=== Exercise details ===
Restate, word for word and with no pictures, the stretch of lines in the data below that begins at the line with "Item preview, Tropical" and ends at the line with "Alemais Evergreen Sundress", inclusive.

=== Records supplied ===
↓
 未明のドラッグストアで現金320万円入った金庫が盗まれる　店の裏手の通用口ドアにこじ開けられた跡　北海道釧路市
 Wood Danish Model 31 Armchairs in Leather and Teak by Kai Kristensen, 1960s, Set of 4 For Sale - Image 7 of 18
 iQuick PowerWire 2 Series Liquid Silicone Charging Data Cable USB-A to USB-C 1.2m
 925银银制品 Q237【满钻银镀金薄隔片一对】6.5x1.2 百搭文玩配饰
↑
↓
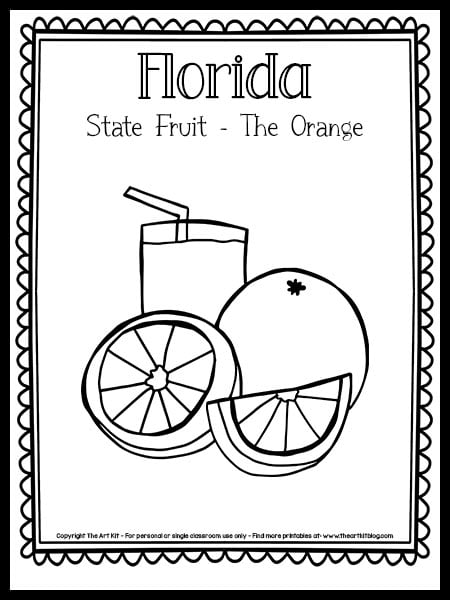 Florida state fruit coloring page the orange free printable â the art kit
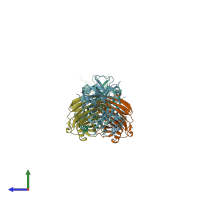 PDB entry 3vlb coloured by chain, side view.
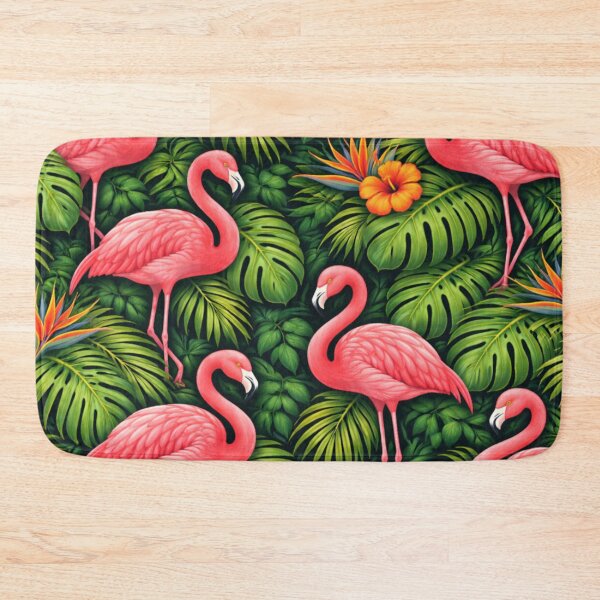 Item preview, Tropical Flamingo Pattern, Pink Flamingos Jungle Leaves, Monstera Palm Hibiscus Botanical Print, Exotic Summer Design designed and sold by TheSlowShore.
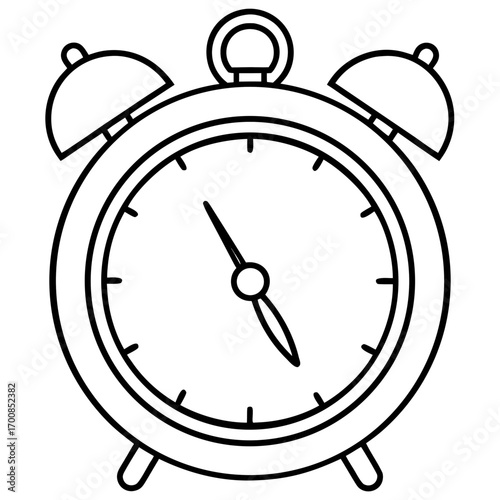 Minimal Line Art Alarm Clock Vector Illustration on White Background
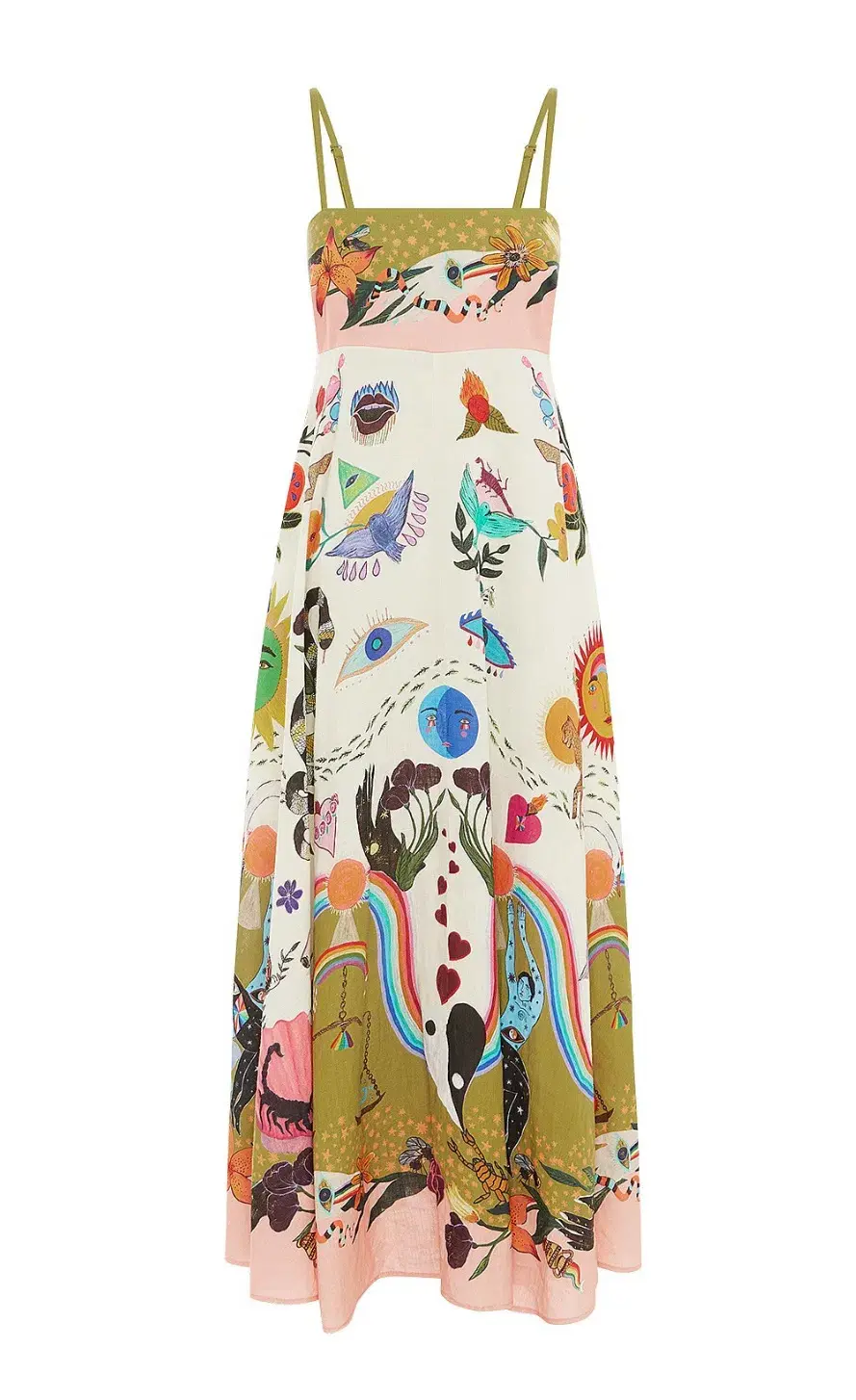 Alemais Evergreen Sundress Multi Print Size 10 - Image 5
↑
↓
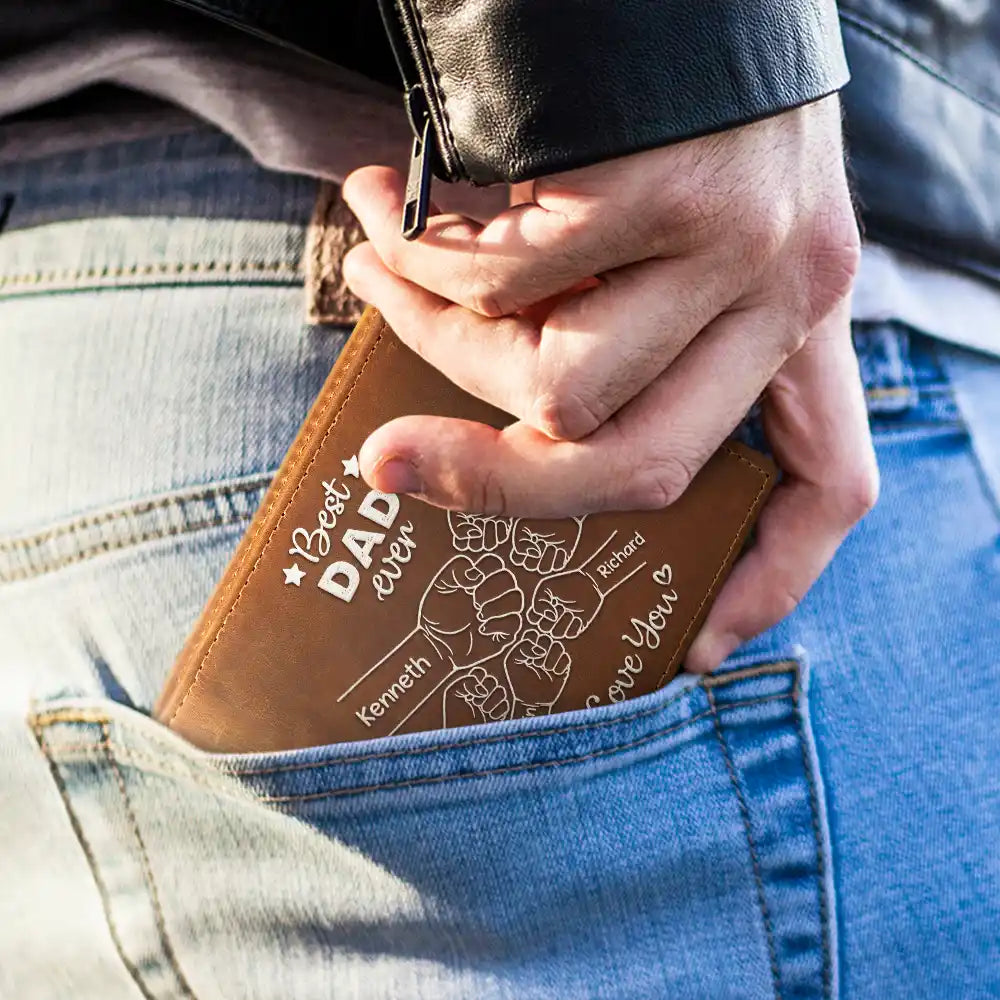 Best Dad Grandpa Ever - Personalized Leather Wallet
↑
=== Task solution ===
 Item preview, Tropical Flamingo Pattern, Pink Flamingos Jungle Leaves, Monstera Palm Hibiscus Botanical Print, Exotic Summer Design designed and sold by TheSlowShore.
 Minimal Line Art Alarm Clock Vector Illustration on White Background
 Alemais Evergreen Sundress Multi Print Size 10 - Image 5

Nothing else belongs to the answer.